The gallery window hosts artist Magnus Irvin‘s spectacular, kinetic window display, Sol Invictus: an idiosyncratic amalgamation of imagery from pre-Christian winter solstice celebrations that references Saturnalia, the Green Man, the Sun and Moon.

The exhibition includes a rare, signed and numbered example of the original silkscreen poster for Robert Indiana’s famous LOVE exhibition at the Stable Gallery in New York in 1966 – the first silkscreen print made of Indiana’s famous ‘LOVE’ design, an image currently inspiring the most recent collection by Longchamp Paris.

Among the works on view is Alastair Mackie’s Sphere iii from the series of the intricate, meticulously constructed works that first attracted attention to his practice. Mackie manipulates ‘craft and concept’, and this delicate sphere of tiny mouse skulls, illustrating ideas of mortality and regeneration, is presented poised, apparently floating in a glass bell jar.

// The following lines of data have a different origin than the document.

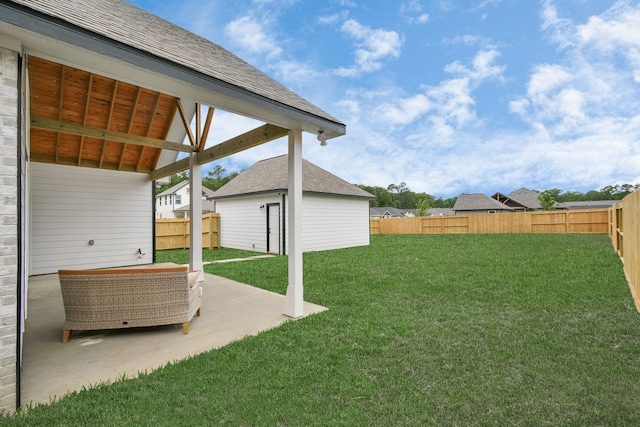 view of yard with a patio area and an outbuilding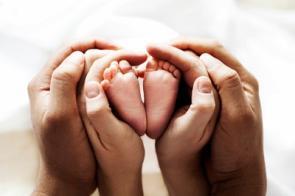 Hände von Vater, Mutter und Baby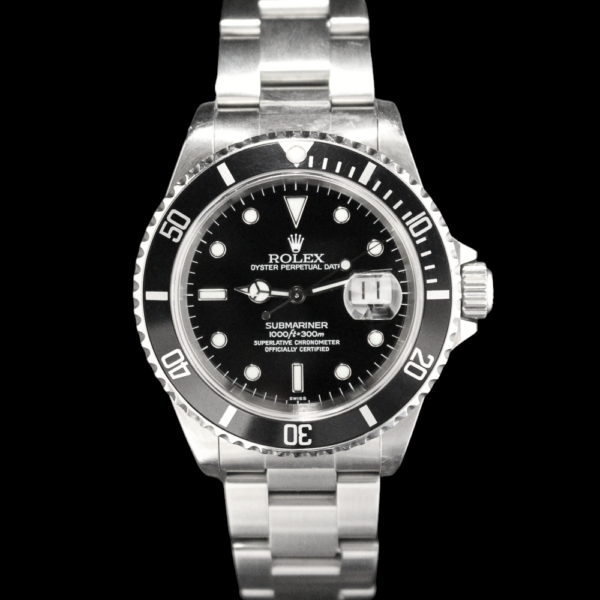 1999 Rolex Submariner 16610 with a black dial and black aluminum divers bezel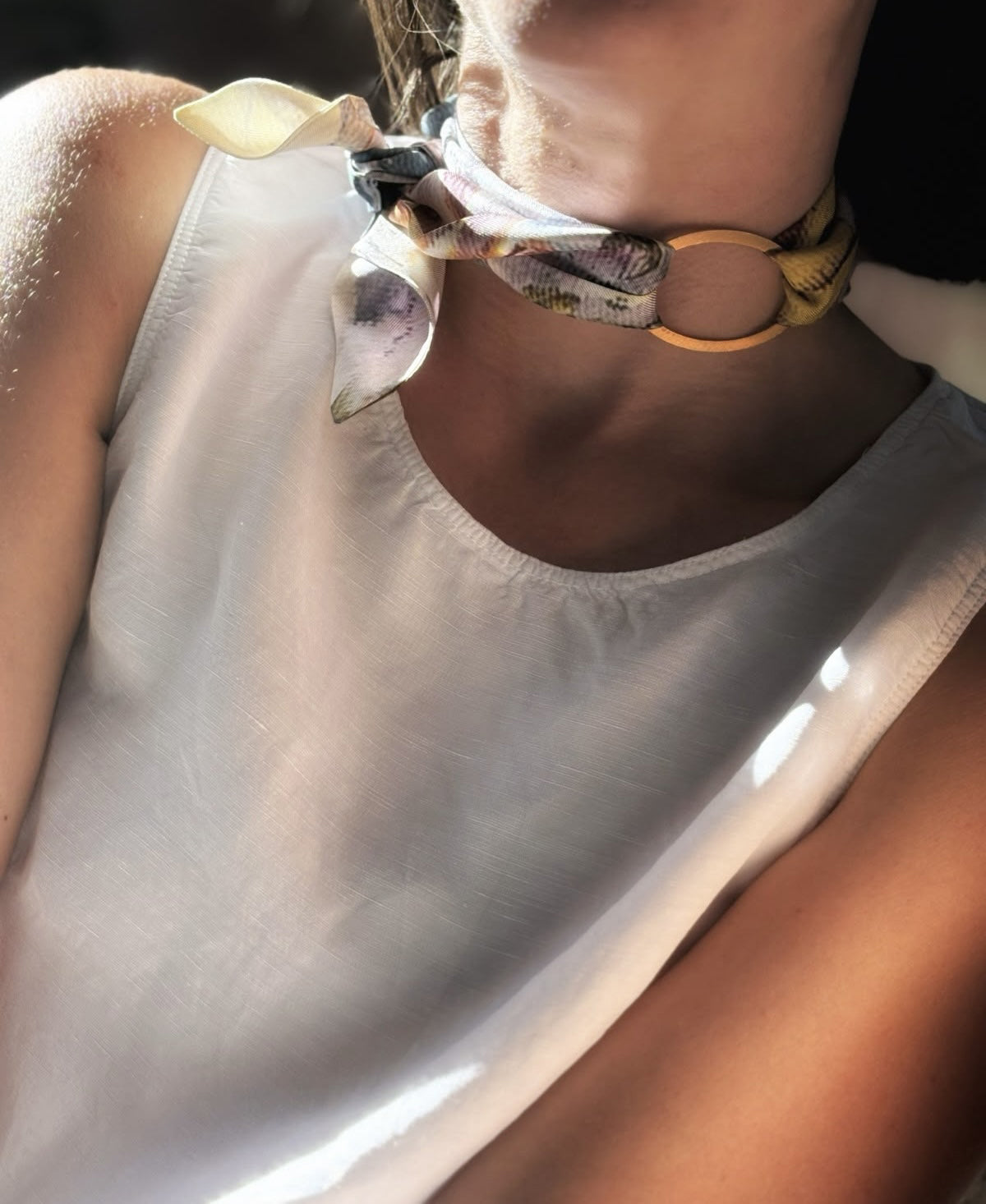 A close-up lifestyle shot of a model wearing a cream-colored sleeveless top and a patterned silk neck scarf tied around a gold ring choker.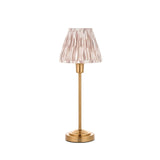 Endon Cliffbourne Ikat table lamp with brushed brass stepped base and pleated pink ikat-print tapered fabric shade, shown on a white background.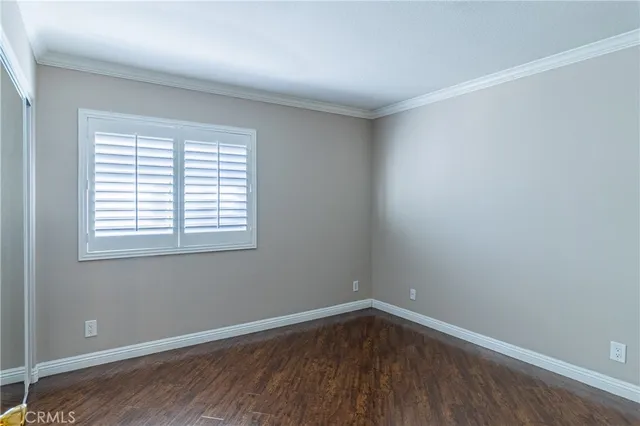 a view of a hallway with wooden floor and stairs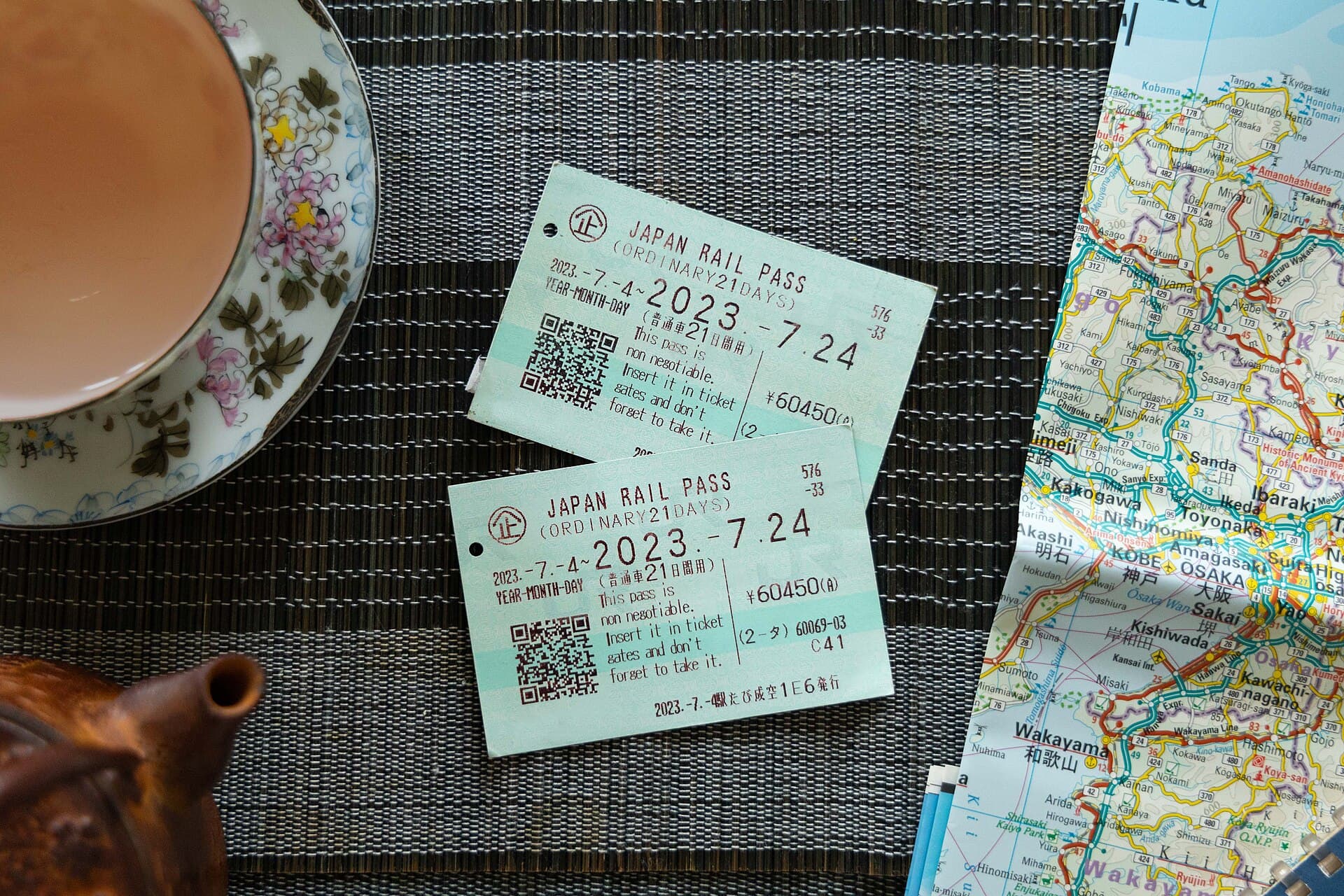 Deux Japan Rail Pass ordinaires de 21 jours poses sur un set de table sombre, tampons de validite de juillet 2023 et prix de 60 450 yens imprimes en rouge, a cote d'une carte routiere du Kansai depliee et d'une tasse de the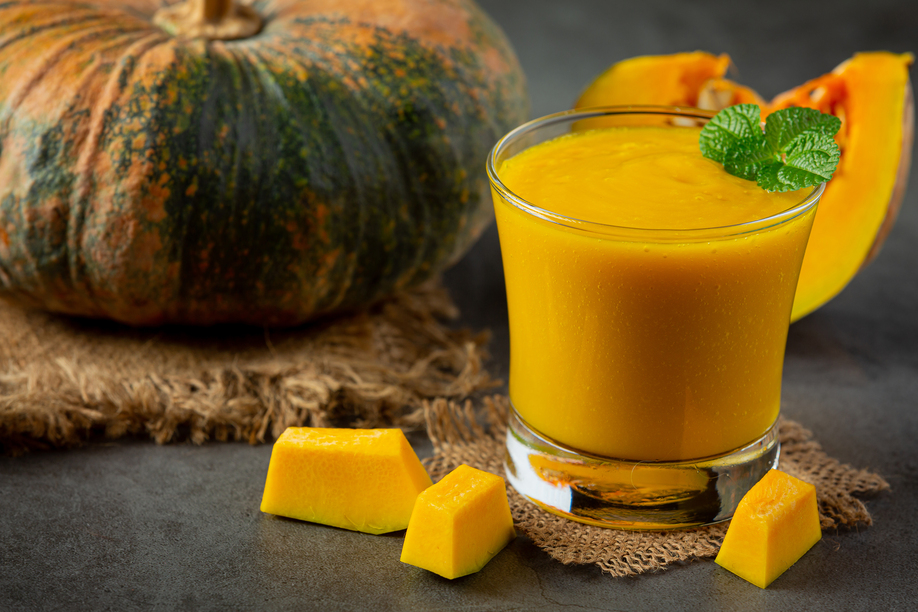 a glass of pumpkin juice and chopped raw pumpkins place on dark floor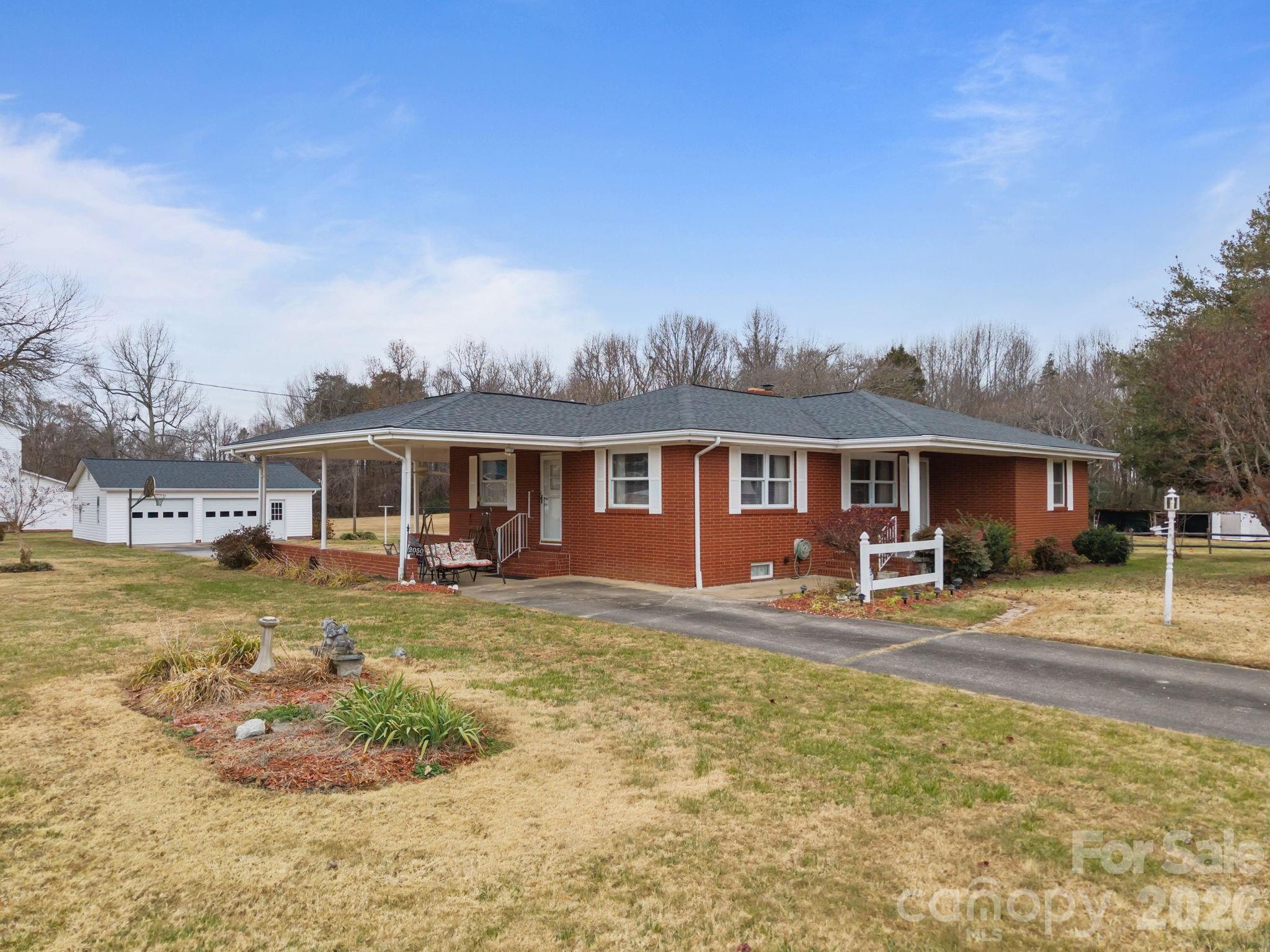 2050 Lake Road Salisbury, NC 28146 - Photo 3 of 41 a front view of a house with garden view and swimming pool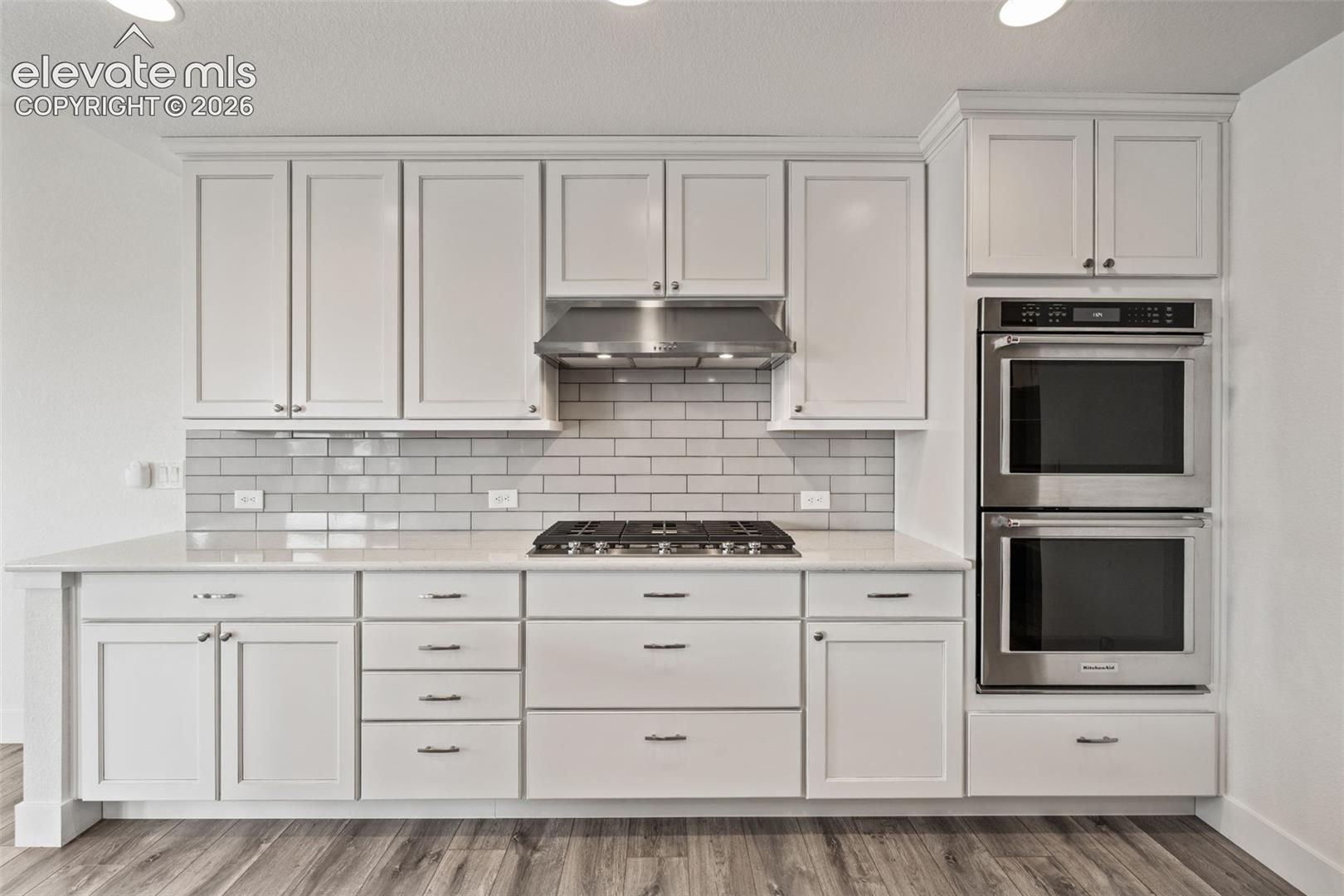 White shaker cabinetry, light subway tile backsplash, stainless steel gas cooktop, stainless steel range hood, and double wall ovens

Georgia Russell’s Oeuvres from 2007 is contained in an antique dome that complements the age of the dissected book inside. Russell is known internationally for works that result from her techniques of cutting and transforming her materials. As French critic, Anne Malherbe writes: Russell ‘delivers an object for us to gaze at – like a trophy… a testimony to the relationship she has established with the work over her time labouring on it’. Other artist book-works include leporellos by the French-Iranian artist, Christine Khondji: painted and collaged double-sided accordion books inspired by her interest in archaeology and pre-history.

John Furnival’s lithograph, Vintage Oxford Mallarmé, makes gently Surrealist play with the traditional marmalade label; and his depictions of Erik Satie are based on wordplay around the name of Satie’s home in the Parisian suburb of Arceuil.

Autres Choses also includes works by Eileen Agar, Jo Bondy, Anne Bean, Pamela Bianco, Stephen Bird, Martin Bradley, Linda Carmen, Nek Chand, Benjamin Creme, Carolyn Gowdy, Victoria Halford, Charles Hustwick, Albert Herbert, John Kashdan, Chris Kenny, Roddy Maude-Roxby, Angus McBean, Sarah Moon, Eduardo Paolozzi, Perifimou, Geneviève Seillé, Jason Wallis-Johnson, Julian Trevelyan, Paule Vézelay, Andy Weiner, Richard Westall, Scottie Wilson and more.